The UM System Board of Curators met Friday by conference call to discuss the recommendations of the UM Presidential Search Advisory Committee on who should become the next system president.
Members of the advisory committee met on Tuesday and Wednesday to interview three candidates. The 19-member committee was created to advise curators in their search to replace Elson Floyd, who has left UM to lead Washington State University.
“The curators appreciated the feedback and wanted to discuss that,” UM System spokesman Scott Charton said.
Chairman Frank Schmidt said the advisory committee held 90-minute interviews with each of the three candidates before making individual recommendations that were submitted to the curators, who will make the final decision.
“The procedure was different than just making a (group) recommendation,” Schmidt said. “We did not rank the candidates and were asked not to rank the candidates.”
Schmidt said he did not know which candidate the Board of Curators favored. One of the candidates is U.S. Rep. Kenny Hulshof, who confirmed Wednesday that he was interviewed by committee members.
As in most of the search proceedings, Friday’s conference call was held in closed session. Curator Bo Fraser of Columbia participated in the 50-minute call at University Hall. Charton said curators have no timetable for announcing their selection to replace Floyd.
“It is the wish of the curators that this process be confidential, and we are trying to honor that,” he said.
News that Hulshof was interviewed by the committee drew mixed responses from some within the university community. Rex Campbell, the MU Faculty Council chairman, said he could see advantages and disadvantages to having a politician as the UM System president.
“He is a practicing politician who is a conservative Republican who can operate well with the state legislature and the Missouri governor,” he said. “If he’s trying to tell the academic world how to operate, that’s a major problem.”
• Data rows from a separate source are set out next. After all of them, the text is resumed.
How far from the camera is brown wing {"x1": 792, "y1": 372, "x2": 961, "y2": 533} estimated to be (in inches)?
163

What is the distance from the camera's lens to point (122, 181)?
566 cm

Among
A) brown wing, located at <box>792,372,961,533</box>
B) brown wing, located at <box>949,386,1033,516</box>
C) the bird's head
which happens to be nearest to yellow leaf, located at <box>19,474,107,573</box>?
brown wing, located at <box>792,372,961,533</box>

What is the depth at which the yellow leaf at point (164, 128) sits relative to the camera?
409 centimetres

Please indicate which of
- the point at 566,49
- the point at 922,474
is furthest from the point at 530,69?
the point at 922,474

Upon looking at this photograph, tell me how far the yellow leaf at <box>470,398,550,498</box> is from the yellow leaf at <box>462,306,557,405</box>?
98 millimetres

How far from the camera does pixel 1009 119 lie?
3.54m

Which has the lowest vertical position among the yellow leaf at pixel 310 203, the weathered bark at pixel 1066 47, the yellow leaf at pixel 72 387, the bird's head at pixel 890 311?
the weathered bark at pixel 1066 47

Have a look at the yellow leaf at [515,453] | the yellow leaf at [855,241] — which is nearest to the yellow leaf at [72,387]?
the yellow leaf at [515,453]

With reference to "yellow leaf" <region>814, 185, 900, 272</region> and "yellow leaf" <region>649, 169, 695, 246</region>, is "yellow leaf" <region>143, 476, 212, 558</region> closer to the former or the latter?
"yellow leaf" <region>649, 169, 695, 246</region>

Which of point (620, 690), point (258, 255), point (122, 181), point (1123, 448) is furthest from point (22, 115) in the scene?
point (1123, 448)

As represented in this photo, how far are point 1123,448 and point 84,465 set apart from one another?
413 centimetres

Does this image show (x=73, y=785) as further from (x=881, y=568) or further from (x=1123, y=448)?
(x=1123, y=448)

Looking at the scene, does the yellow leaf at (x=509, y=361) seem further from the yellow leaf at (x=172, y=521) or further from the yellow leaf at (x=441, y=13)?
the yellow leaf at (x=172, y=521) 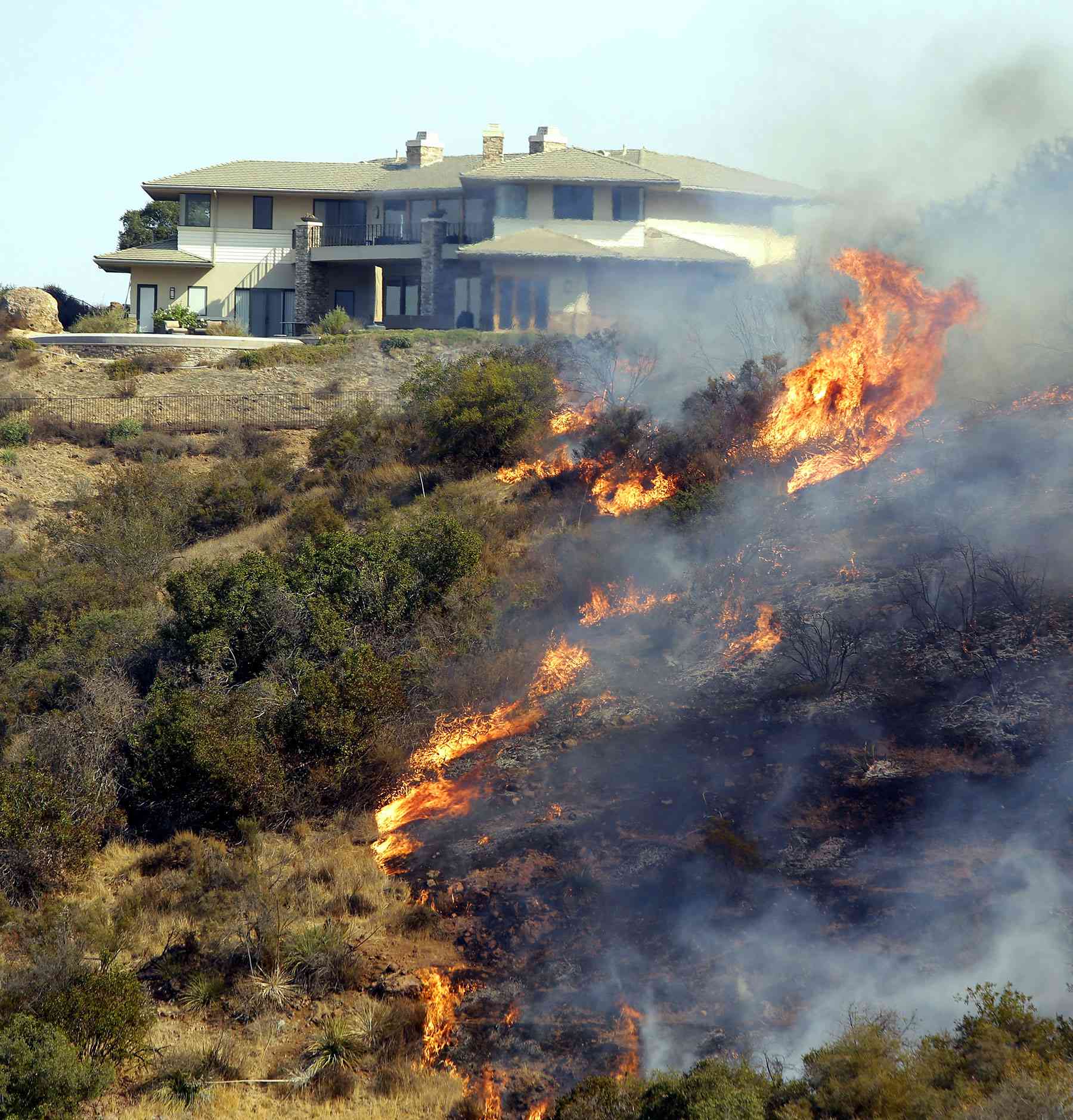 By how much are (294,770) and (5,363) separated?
85.0 feet

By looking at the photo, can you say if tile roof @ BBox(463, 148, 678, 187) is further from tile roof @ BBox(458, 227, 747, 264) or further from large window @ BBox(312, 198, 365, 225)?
large window @ BBox(312, 198, 365, 225)

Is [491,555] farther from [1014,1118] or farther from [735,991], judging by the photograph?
[1014,1118]

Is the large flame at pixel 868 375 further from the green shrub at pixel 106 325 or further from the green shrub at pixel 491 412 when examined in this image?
the green shrub at pixel 106 325

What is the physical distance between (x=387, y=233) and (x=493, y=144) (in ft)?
15.9

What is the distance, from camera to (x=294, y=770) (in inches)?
766

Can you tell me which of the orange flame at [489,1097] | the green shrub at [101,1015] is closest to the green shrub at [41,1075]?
the green shrub at [101,1015]

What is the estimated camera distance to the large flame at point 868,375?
86.0 feet

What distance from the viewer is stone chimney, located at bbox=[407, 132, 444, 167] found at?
4906cm

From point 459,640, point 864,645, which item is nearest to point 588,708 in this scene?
point 459,640

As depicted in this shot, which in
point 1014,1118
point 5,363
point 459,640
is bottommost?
point 1014,1118

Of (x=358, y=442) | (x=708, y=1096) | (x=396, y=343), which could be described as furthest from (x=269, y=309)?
(x=708, y=1096)

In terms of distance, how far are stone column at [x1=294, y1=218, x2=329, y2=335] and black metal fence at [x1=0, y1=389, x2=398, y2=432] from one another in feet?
28.5

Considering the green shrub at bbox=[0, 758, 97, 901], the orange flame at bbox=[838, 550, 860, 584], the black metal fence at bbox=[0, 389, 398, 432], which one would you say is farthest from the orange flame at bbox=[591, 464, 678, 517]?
the green shrub at bbox=[0, 758, 97, 901]

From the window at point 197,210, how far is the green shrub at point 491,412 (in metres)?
19.7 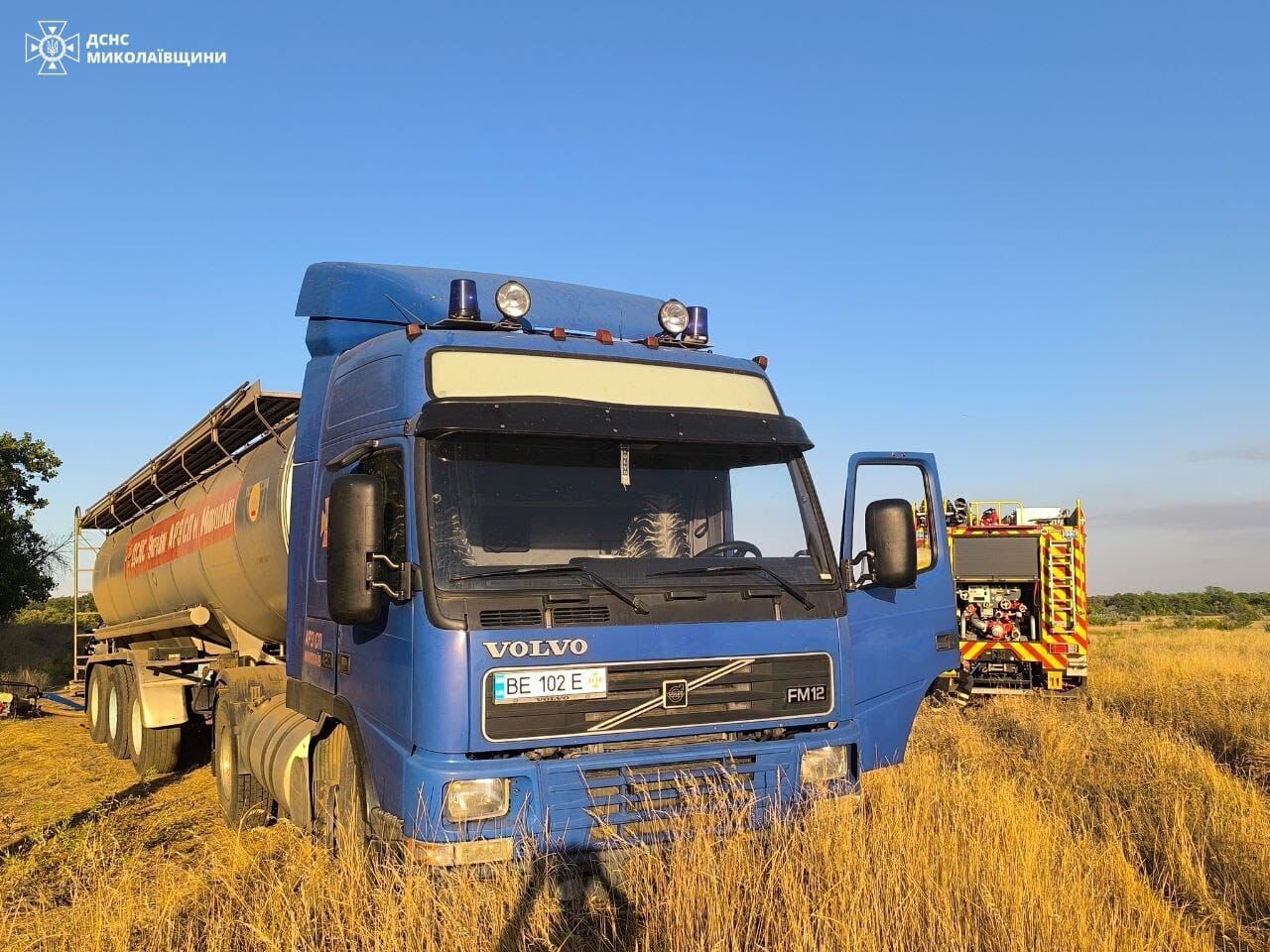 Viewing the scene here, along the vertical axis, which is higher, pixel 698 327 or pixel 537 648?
pixel 698 327

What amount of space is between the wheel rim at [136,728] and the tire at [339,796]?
A: 18.5ft

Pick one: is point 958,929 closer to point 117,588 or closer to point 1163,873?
point 1163,873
John Lichtenegger, a former president of the Board of Curators who has been critical of the current board, said he has no problem with a politician leading the UM system, as long as he or she remains fiercely independent. Lichtenegger said that because the tenures of university presidents tend to be short — averaging 5 to 7 years — choosing someone who is familiar with the system is important. “Folks down here talked about someone with familiarity with the Missouri system,” said Lichtenegger, who practices law in Jackson. “About the time they register in the retirement system, they’re off to their next job.”
Charton said he did not know if all three candidates were still in the running for the position and declined to say whether curators have begun negotiations with any of the candidates. The board is scheduled to meet in Columbia for its regularly scheduled meeting next Thursday and Friday.
“The board members therefore will all be together,” Charton said. “It is very possible they will have a discussion about the presidential leadership at that point.”